◆ Work item ◆
Write out again each line of the material below, unchanged, from the first one to the line that holds "image for item".

▼

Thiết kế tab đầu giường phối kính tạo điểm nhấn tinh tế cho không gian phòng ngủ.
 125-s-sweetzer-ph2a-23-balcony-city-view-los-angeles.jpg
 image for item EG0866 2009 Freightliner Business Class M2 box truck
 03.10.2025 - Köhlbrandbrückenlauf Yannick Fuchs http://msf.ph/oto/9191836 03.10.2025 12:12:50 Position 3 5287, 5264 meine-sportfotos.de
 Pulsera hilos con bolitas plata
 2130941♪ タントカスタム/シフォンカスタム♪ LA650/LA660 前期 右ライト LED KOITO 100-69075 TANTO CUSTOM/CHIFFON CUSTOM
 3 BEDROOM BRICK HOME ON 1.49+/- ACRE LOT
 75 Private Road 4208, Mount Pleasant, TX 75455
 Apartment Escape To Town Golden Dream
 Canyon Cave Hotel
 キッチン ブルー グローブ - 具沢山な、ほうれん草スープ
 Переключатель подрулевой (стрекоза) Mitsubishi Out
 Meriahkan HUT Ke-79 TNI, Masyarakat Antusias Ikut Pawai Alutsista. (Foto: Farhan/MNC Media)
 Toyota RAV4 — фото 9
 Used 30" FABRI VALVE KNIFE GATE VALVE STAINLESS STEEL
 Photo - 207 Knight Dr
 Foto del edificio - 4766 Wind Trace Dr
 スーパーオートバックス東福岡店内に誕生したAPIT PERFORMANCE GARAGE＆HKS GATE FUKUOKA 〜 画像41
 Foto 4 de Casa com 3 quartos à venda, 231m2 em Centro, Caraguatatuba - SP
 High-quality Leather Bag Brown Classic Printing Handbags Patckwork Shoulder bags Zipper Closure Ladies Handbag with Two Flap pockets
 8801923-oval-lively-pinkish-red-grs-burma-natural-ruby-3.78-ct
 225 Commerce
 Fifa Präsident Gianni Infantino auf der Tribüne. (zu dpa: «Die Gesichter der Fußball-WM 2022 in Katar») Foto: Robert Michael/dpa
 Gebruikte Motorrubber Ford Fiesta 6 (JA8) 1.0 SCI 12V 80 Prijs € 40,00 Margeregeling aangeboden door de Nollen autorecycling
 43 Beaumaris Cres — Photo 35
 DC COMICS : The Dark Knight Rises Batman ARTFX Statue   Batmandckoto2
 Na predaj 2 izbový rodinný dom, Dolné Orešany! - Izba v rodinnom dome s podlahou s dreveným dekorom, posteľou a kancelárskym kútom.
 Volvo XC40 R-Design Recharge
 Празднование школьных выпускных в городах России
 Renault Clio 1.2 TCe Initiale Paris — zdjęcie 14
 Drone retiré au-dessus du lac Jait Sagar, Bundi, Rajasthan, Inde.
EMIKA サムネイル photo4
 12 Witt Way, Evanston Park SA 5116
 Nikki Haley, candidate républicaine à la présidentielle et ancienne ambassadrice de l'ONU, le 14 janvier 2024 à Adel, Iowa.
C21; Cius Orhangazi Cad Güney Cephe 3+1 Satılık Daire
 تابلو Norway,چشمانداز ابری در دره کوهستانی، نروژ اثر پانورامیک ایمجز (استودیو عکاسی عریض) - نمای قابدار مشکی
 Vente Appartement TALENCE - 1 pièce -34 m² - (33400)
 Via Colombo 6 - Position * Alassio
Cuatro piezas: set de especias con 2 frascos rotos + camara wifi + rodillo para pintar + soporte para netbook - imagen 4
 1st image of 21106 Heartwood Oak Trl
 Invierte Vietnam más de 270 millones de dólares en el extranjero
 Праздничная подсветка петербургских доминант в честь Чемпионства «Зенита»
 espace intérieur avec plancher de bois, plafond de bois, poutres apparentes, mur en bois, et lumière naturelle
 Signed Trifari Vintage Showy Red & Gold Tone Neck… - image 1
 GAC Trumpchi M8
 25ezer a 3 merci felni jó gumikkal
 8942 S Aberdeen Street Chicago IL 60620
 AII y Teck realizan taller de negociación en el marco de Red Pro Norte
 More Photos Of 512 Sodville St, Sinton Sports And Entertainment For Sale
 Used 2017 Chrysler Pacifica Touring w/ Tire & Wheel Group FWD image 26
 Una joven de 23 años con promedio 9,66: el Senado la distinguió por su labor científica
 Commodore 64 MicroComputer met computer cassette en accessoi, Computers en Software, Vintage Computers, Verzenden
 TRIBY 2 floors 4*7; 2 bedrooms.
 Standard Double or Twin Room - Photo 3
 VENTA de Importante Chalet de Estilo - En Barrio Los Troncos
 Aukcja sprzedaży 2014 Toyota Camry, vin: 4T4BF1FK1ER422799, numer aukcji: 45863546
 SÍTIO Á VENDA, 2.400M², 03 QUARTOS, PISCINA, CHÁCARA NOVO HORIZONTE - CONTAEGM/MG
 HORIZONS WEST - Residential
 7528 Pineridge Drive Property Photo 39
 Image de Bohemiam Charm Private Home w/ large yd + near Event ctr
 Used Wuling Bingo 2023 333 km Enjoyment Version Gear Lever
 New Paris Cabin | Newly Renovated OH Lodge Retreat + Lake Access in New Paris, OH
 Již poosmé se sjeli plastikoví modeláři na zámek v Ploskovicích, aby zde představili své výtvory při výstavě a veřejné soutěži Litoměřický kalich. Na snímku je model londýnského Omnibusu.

▲

◆ Task answer ◆
Thiết kế tab đầu giường phối kính tạo điểm nhấn tinh tế cho không gian phòng ngủ.
 125-s-sweetzer-ph2a-23-balcony-city-view-los-angeles.jpg
 image for item EG0866 2009 Freightliner Business Class M2 box truck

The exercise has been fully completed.